Reconstructing topological properties of complex networks using the fitness model

TL;DR

This paper introduces a method to reconstruct key topological features of complex networks using limited node information and an intrinsic fitness property, enabling analysis of privacy-restricted systems.

Contribution

The novel approach uses node fitness and partial connection data to generate representative network ensembles for estimating topological properties.

Findings

Robust reconstruction of network density, assortativity, and clustering.

Effective on both synthetic and real economic networks.

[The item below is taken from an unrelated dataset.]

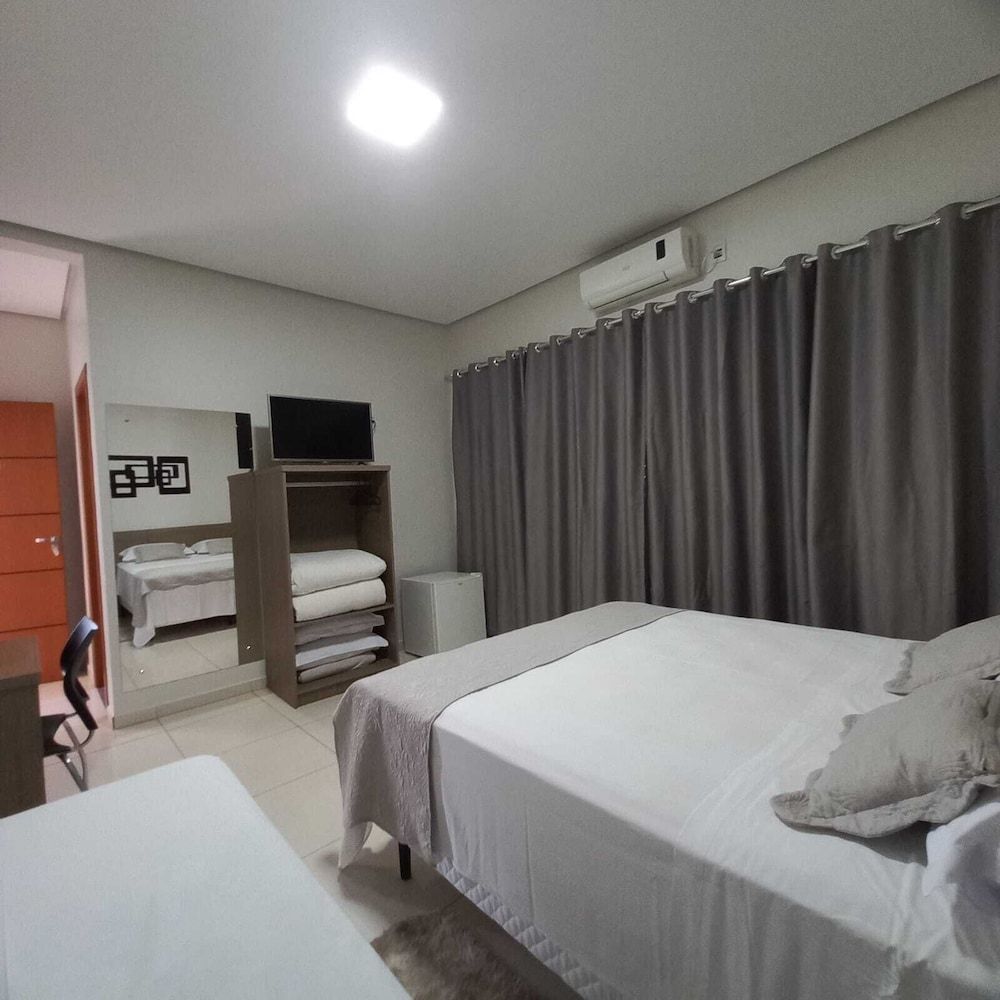 Hotel D'Napoles Triple Room, 2 Bedrooms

Maintains accuracy with limited calibration data.

Abstract

A major problem in the study of complex socioeconomic systems is represented by privacy issues$-$that can put severe limitations on the amount of accessible information, forcing to build models on the basis of incomplete knowledge. In this paper we investigate a novel method to reconstruct global topological properties of a complex network starting from limited information. This method uses the knowledge of an intrinsic property of the nodes (indicated as fitness), and the number of connections of only a limited subset of nodes, in order to generate an ensemble of exponential random graphs that are representative of the real systems and that can be used to estimate its topological properties. Here we focus in particular on reconstructing the most basic properties that are commonly used to describe a network: density of links, assortativity, clustering. We test the method on both benchmark synthetic networks and real economic and financial systems, finding a remarkable robustness with respect to the number of nodes used for calibration. The method thus represents a valuable tool for gaining insights on privacy-protected systems.